| Dataset extract |

━━━━━━

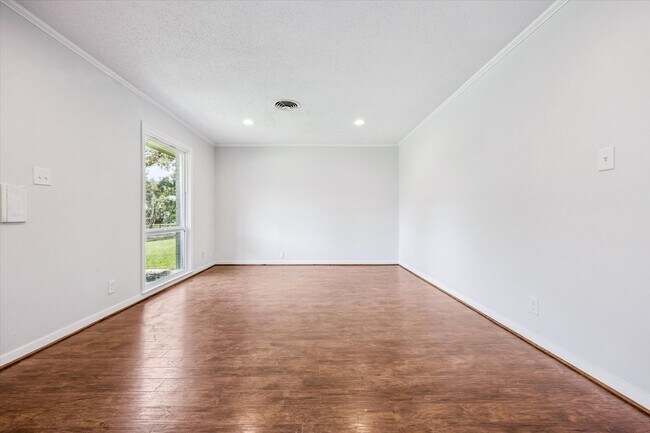 Building Photo - 3607 Blue Bonnet Blvd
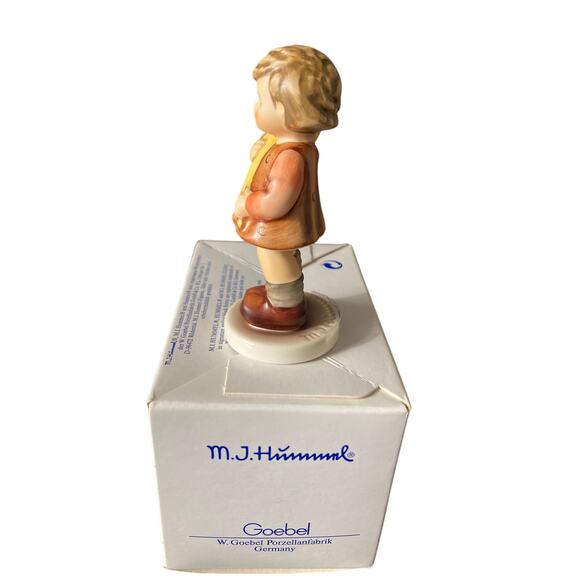 Hummel Goebel A Sweet Offering 549/3/0 With a Hummel Box - Picture 2 of 5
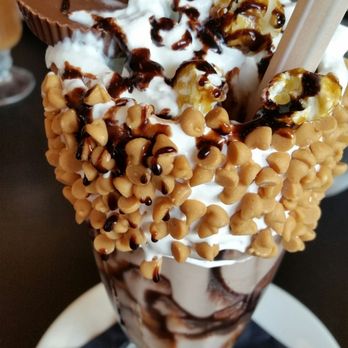 Mom's Kitchen & Bar - Bars Near Me - Astoria, New York Mom's Kitchen & Bar - Bars Near Me - Astoria, New York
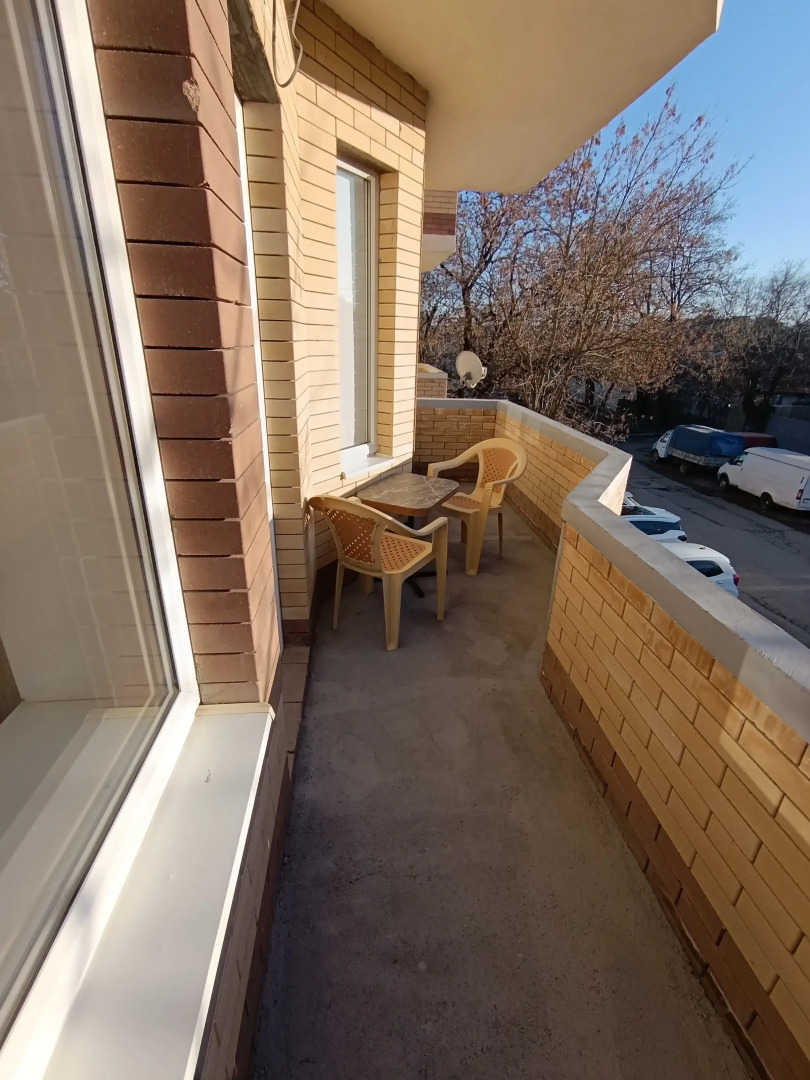 Квартира Двухкомнатная с двумя лоджиями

━━━━━━

| Aim of the task |
Please print the line that contains "New York Mom's" along with every later line of the material, exactly, through the last one. Leave pictures out of the copy.

| Solution for this problem |
 Mom's Kitchen & Bar - Bars Near Me - Astoria, New York Mom's Kitchen & Bar - Bars Near Me - Astoria, New York
 Квартира Двухкомнатная с двумя лоджиями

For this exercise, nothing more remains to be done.